[[ Records for processing open ]]
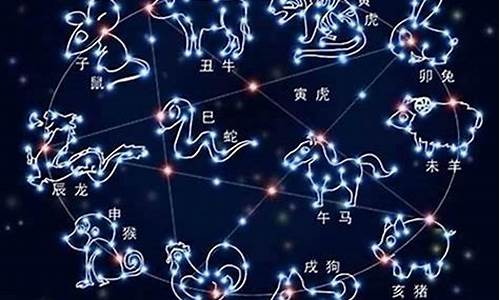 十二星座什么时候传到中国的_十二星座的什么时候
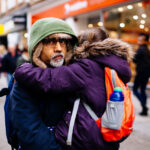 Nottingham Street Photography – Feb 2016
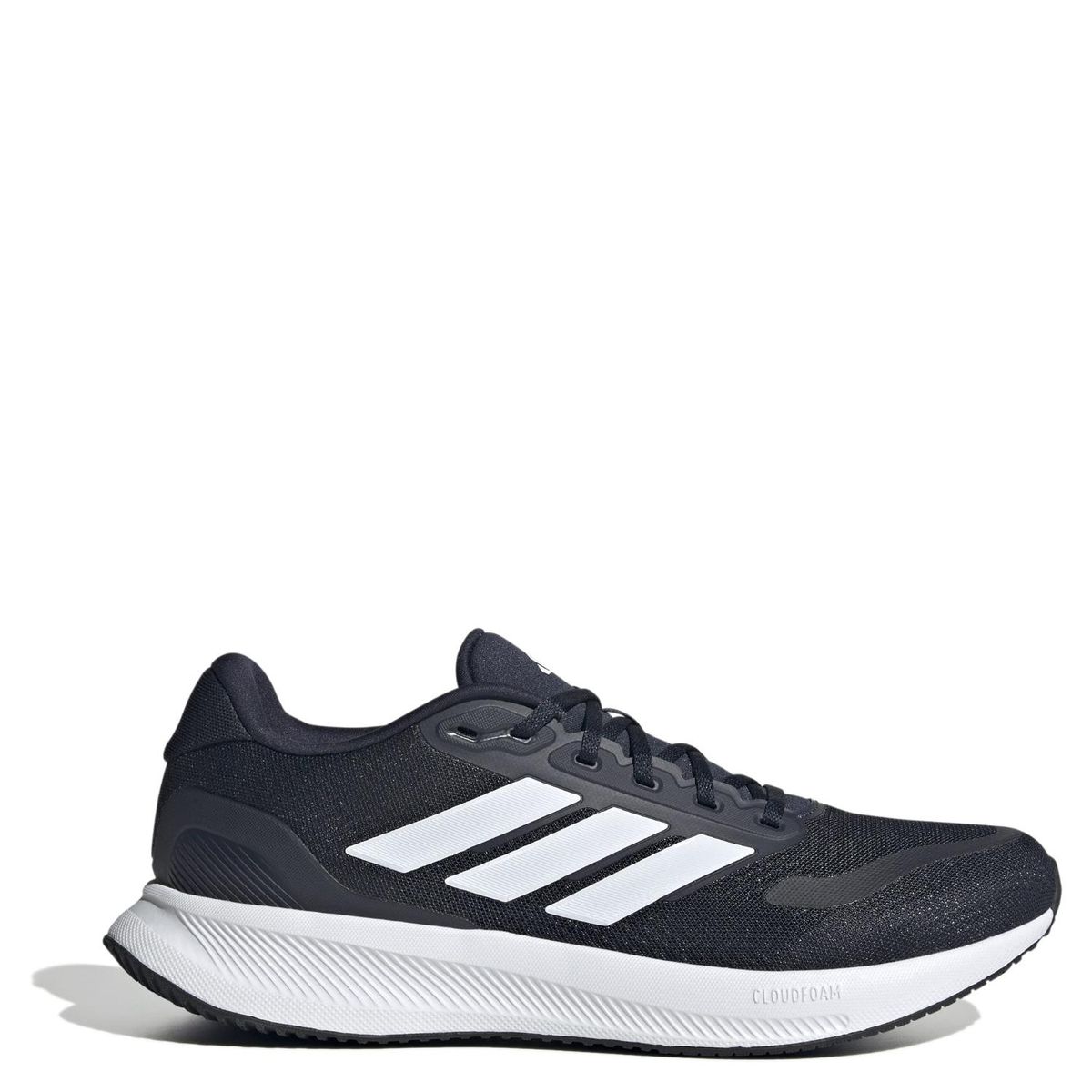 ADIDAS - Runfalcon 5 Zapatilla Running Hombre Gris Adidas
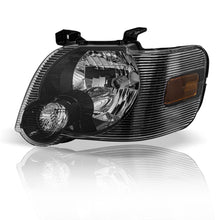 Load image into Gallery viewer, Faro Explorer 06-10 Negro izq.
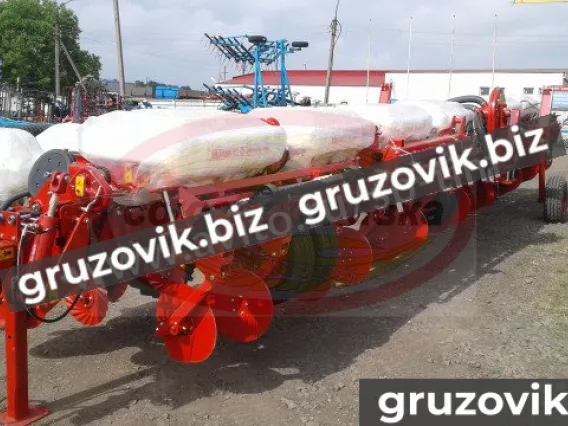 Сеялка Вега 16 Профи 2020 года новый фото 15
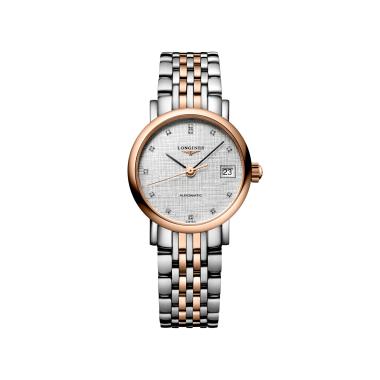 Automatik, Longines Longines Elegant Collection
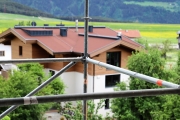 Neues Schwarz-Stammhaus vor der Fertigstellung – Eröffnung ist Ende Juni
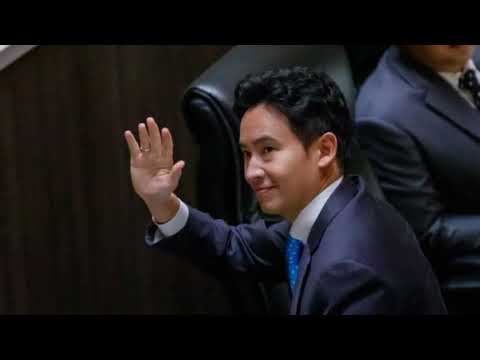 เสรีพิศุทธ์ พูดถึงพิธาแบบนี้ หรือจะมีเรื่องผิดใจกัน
[[ Records for processing closed ]]
[[ Records for processing open ]]
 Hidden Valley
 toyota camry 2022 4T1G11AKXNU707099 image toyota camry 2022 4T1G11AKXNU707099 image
[[ Records for processing closed ]]
*Problem details*
Return only the part above that opens with the line containing "Neues Schwarz-Stammhaus vor" and closes with the line containing "เสรีพิศุทธ์ พูดถึงพิธาแบบนี้ หรือจะมีเรื่องผิดใจกัน", exactly and with both ends, skipping the pictures.

*Finished exercise*
 Neues Schwarz-Stammhaus vor der Fertigstellung – Eröffnung ist Ende Juni
 เสรีพิศุทธ์ พูดถึงพิธาแบบนี้ หรือจะมีเรื่องผิดใจกัน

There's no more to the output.